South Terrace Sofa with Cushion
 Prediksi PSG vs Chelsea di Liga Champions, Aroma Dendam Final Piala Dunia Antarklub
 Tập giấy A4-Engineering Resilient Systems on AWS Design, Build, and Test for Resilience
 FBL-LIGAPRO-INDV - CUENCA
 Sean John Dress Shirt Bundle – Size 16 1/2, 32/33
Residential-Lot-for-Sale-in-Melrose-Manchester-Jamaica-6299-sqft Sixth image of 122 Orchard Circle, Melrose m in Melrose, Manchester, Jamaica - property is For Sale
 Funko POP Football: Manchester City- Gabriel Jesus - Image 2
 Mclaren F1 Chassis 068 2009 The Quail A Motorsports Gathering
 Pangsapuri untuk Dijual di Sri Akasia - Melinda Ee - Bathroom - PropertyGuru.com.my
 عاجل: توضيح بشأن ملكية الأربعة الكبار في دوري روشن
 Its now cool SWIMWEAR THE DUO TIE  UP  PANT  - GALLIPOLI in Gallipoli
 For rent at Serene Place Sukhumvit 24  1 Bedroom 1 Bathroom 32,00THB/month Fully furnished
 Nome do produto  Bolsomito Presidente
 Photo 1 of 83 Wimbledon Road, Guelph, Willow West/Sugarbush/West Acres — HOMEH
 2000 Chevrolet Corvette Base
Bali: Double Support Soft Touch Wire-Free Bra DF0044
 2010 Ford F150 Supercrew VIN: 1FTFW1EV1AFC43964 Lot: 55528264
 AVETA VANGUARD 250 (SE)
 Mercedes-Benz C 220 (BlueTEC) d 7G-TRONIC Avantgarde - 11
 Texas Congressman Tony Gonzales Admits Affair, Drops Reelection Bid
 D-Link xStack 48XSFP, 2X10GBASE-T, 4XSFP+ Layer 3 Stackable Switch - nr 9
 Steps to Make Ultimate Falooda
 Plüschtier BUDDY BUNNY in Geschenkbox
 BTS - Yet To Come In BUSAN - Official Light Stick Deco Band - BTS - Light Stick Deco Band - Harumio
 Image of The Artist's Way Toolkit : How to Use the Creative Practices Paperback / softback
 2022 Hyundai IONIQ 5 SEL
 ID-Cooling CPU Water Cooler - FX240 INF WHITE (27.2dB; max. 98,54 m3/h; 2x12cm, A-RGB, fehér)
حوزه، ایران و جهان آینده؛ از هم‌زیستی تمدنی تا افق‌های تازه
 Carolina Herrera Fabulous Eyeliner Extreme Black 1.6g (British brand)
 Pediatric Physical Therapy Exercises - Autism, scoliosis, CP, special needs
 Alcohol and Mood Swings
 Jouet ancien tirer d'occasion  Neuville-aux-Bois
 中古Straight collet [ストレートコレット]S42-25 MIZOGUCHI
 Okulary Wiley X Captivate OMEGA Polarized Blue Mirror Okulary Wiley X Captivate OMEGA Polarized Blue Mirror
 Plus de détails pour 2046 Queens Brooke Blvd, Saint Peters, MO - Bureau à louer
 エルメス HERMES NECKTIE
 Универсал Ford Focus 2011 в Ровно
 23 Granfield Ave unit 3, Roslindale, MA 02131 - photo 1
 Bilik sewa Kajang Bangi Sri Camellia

▬▬▬▬▬▬

## TASK GOAL
Every record shown above should appear again in your answer, unchanged.

## SOLUTION FOR THIS EXERCISE
South Terrace Sofa with Cushion
 Prediksi PSG vs Chelsea di Liga Champions, Aroma Dendam Final Piala Dunia Antarklub
 Tập giấy A4-Engineering Resilient Systems on AWS Design, Build, and Test for Resilience
 FBL-LIGAPRO-INDV - CUENCA
 Sean John Dress Shirt Bundle – Size 16 1/2, 32/33
Residential-Lot-for-Sale-in-Melrose-Manchester-Jamaica-6299-sqft Sixth image of 122 Orchard Circle, Melrose m in Melrose, Manchester, Jamaica - property is For Sale
 Funko POP Football: Manchester City- Gabriel Jesus - Image 2
 Mclaren F1 Chassis 068 2009 The Quail A Motorsports Gathering
 Pangsapuri untuk Dijual di Sri Akasia - Melinda Ee - Bathroom - PropertyGuru.com.my
 عاجل: توضيح بشأن ملكية الأربعة الكبار في دوري روشن
 Its now cool SWIMWEAR THE DUO TIE  UP  PANT  - GALLIPOLI in Gallipoli
 For rent at Serene Place Sukhumvit 24  1 Bedroom 1 Bathroom 32,00THB/month Fully furnished
 Nome do produto  Bolsomito Presidente
 Photo 1 of 83 Wimbledon Road, Guelph, Willow West/Sugarbush/West Acres — HOMEH
 2000 Chevrolet Corvette Base
Bali: Double Support Soft Touch Wire-Free Bra DF0044
 2010 Ford F150 Supercrew VIN: 1FTFW1EV1AFC43964 Lot: 55528264
 AVETA VANGUARD 250 (SE)
 Mercedes-Benz C 220 (BlueTEC) d 7G-TRONIC Avantgarde - 11
 Texas Congressman Tony Gonzales Admits Affair, Drops Reelection Bid
 D-Link xStack 48XSFP, 2X10GBASE-T, 4XSFP+ Layer 3 Stackable Switch - nr 9
 Steps to Make Ultimate Falooda
 Plüschtier BUDDY BUNNY in Geschenkbox
 BTS - Yet To Come In BUSAN - Official Light Stick Deco Band - BTS - Light Stick Deco Band - Harumio
 Image of The Artist's Way Toolkit : How to Use the Creative Practices Paperback / softback
 2022 Hyundai IONIQ 5 SEL
 ID-Cooling CPU Water Cooler - FX240 INF WHITE (27.2dB; max. 98,54 m3/h; 2x12cm, A-RGB, fehér)
حوزه، ایران و جهان آینده؛ از هم‌زیستی تمدنی تا افق‌های تازه
 Carolina Herrera Fabulous Eyeliner Extreme Black 1.6g (British brand)
 Pediatric Physical Therapy Exercises - Autism, scoliosis, CP, special needs
 Alcohol and Mood Swings
 Jouet ancien tirer d'occasion  Neuville-aux-Bois
 中古Straight collet [ストレートコレット]S42-25 MIZOGUCHI
 Okulary Wiley X Captivate OMEGA Polarized Blue Mirror Okulary Wiley X Captivate OMEGA Polarized Blue Mirror
 Plus de détails pour 2046 Queens Brooke Blvd, Saint Peters, MO - Bureau à louer
 エルメス HERMES NECKTIE
 Универсал Ford Focus 2011 в Ровно
 23 Granfield Ave unit 3, Roslindale, MA 02131 - photo 1
 Bilik sewa Kajang Bangi Sri Camellia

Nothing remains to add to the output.